222 F.3d at 89. See Ray v. Univ. of Tulsa (In re Ray), 262 B.R. 544, 551 ("enrollment" card, signed by all students, whereby student promised to pay total amount of fees assessed plus a specified rate of interest on balances over thirty days past due, did not constitute a loan).
Similarly, the university in Mehta relied on a handbook given to all students, which provided that by registering for classes, a student becomes obligated to pay for all fees and charges, including tuition, contending that a contract was formed upon the debtor's registration, whereby the debtor agreed to pay a defined sum for specified services. The university contended that the agreement was transformed into a loan when it allowed the debtor to continue in classes without paying the tuition. Not doubting that the debtor knew of his financial obligation to the university, the Third Circuit held that the debtor's awareness was insufficient evidence that a loan was intended by the parties.
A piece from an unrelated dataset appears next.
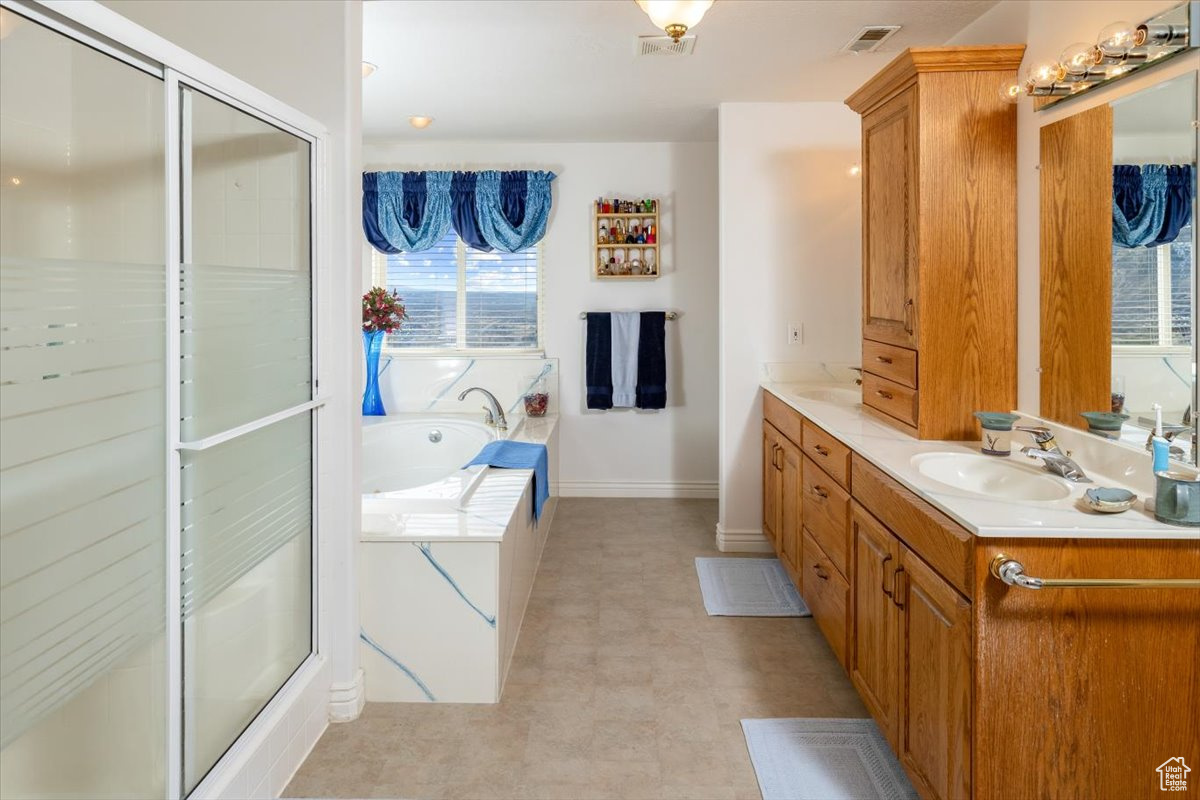 Bathroom with plus walk in shower and vanity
In the present case, the Student Account Guarantor Agreement treats tuition, housing, activity and recreational fees and other charges differently from "incidental" charges which occur after the beginning of the semester. Paragraph 2 unequivocally provides that the former category must be paid one week prior to the beginning of the semester. That is, payment is due in full, in advance. It is only incidental charges occurring after the beginning of the semester that are payable on a monthly basis. Based on the billing records for the DEBTOR'S account, only a few charges of insignificant amounts represent "incidental" charges. VANDERBILT asserts that the Court must "read into" the Agreement VANDERBILT'S commitment to provide the educational services and its agreement to accept payment at a later date, but the Agreement provides no such commitment and that assertion is contradicted by the Agreement's reference to unpaid charges and the imposition of a late fee on those charges. VANDERBILT did not agree to defer payment. Rather, as was the case in Chambers, Renshaw and Mehta, when the DEBTOR failed to pay the tuition as agreed, VANDERBILT voluntarily allowed her to complete the semester notwithstanding the absence of an agreement to defer payment of the tuition. On the facts before the Court, the Student Account Guarantor Agreement is not an educational loan subject to Section 523(a)(8), and the DEBTOR'S obligation to VANDERBILT is not nondischargeable on that basis. Accordingly, VANDERBILT'S Motion for Summary Judgment will be denied and the DEBTOR'S Motion will be granted.
This Opinion constitutes this Court's findings of fact and conclusions of law in accordance with Federal Rule of Bankruptcy Procedure 7052. A separate Order will be entered.